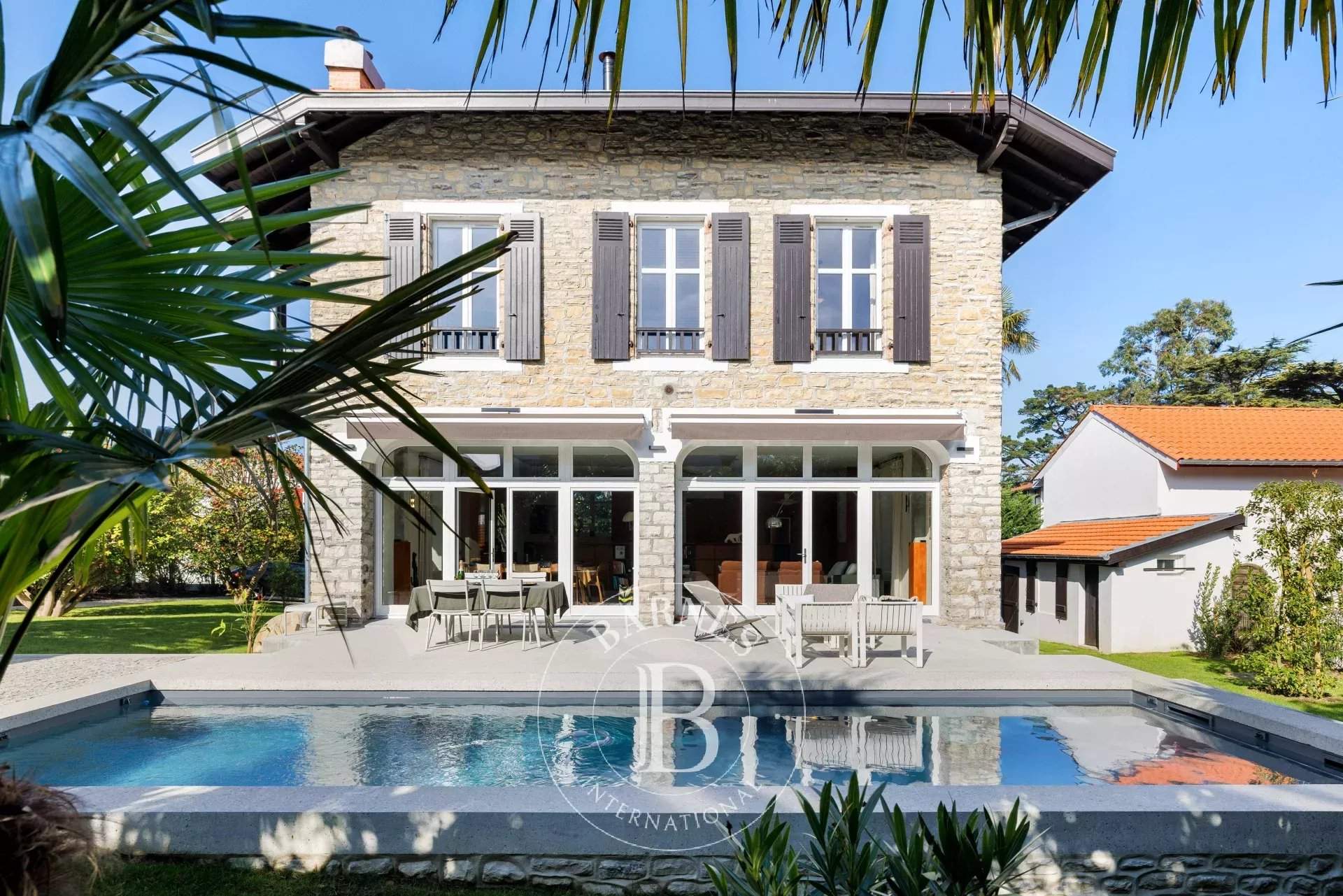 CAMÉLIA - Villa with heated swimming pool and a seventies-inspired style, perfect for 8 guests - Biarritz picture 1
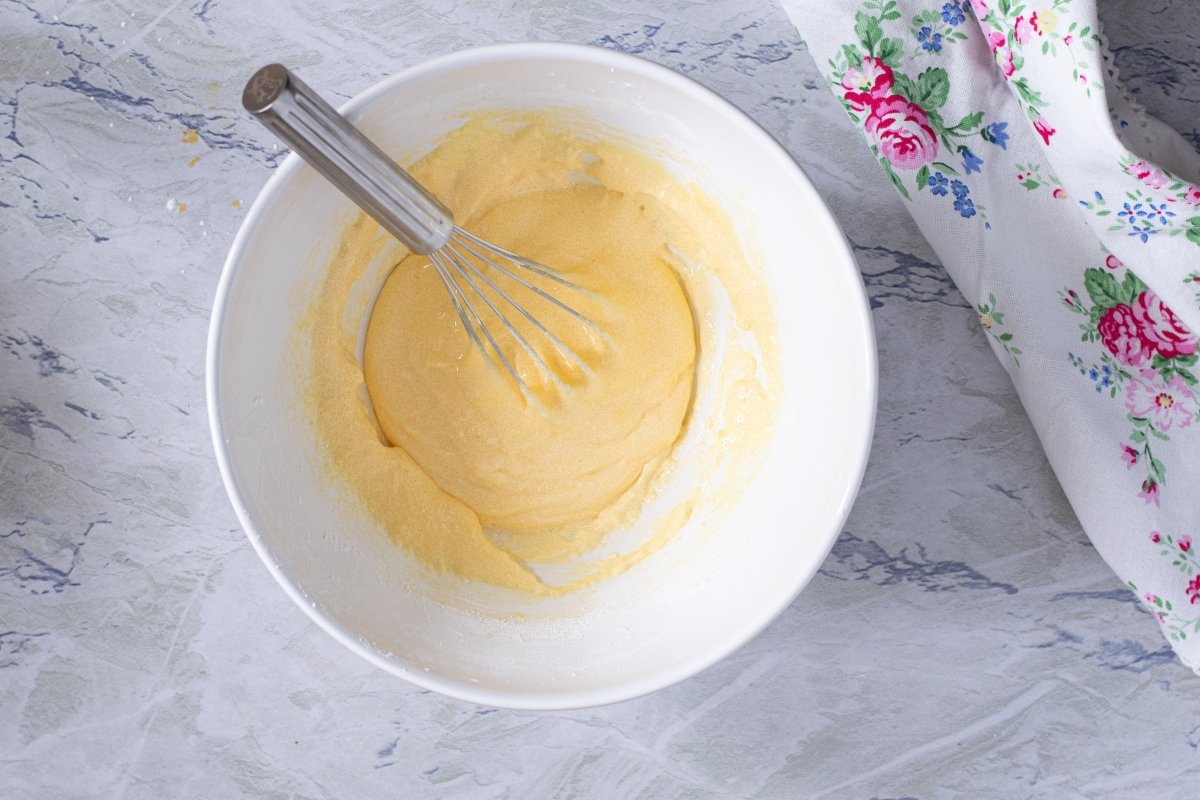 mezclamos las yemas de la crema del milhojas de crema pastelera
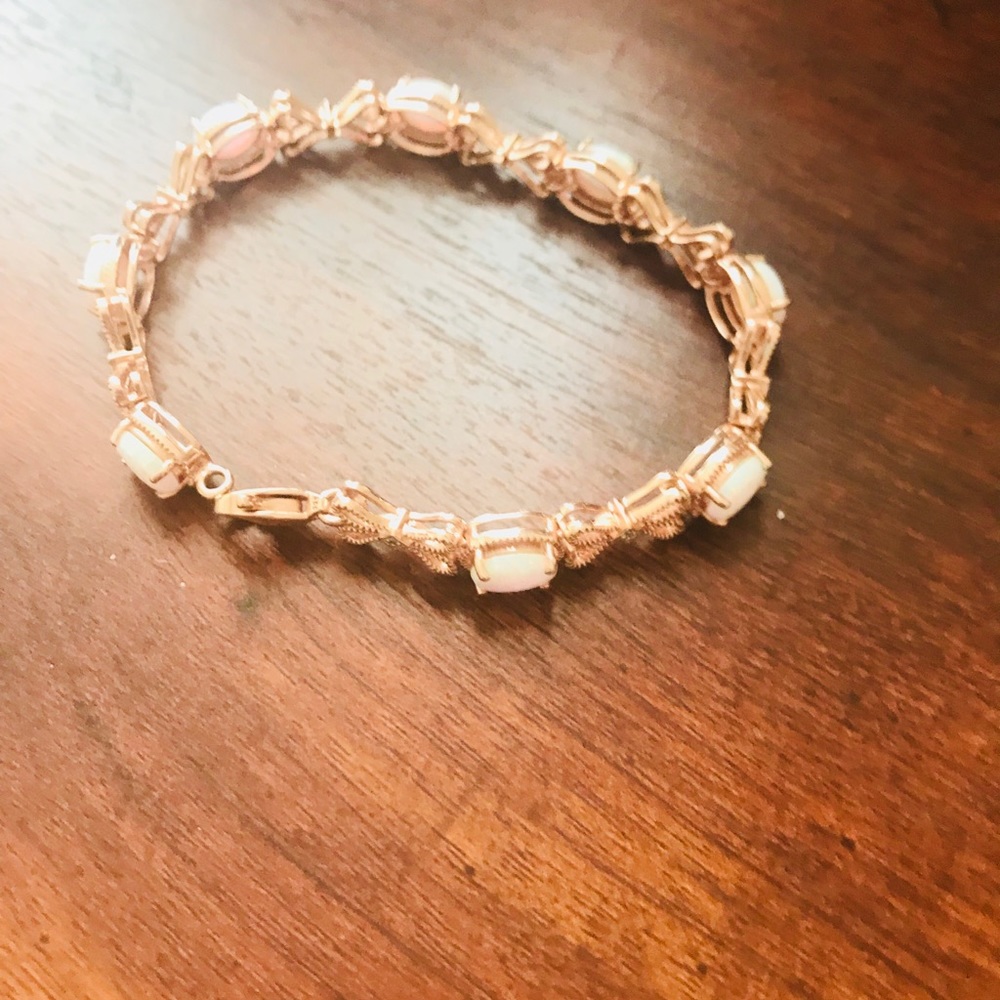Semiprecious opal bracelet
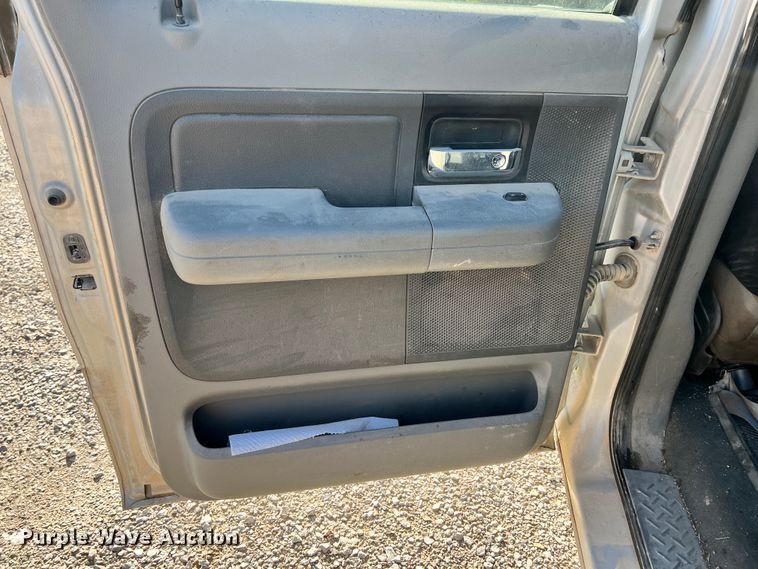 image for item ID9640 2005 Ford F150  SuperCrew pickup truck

#####

Aim of the task ▸ Restate all of the material word for word. Keep out every picture.

Result ▸
 CAMÉLIA - Villa with heated swimming pool and a seventies-inspired style, perfect for 8 guests - Biarritz picture 1
 mezclamos las yemas de la crema del milhojas de crema pastelera
Semiprecious opal bracelet
 image for item ID9640 2005 Ford F150  SuperCrew pickup truck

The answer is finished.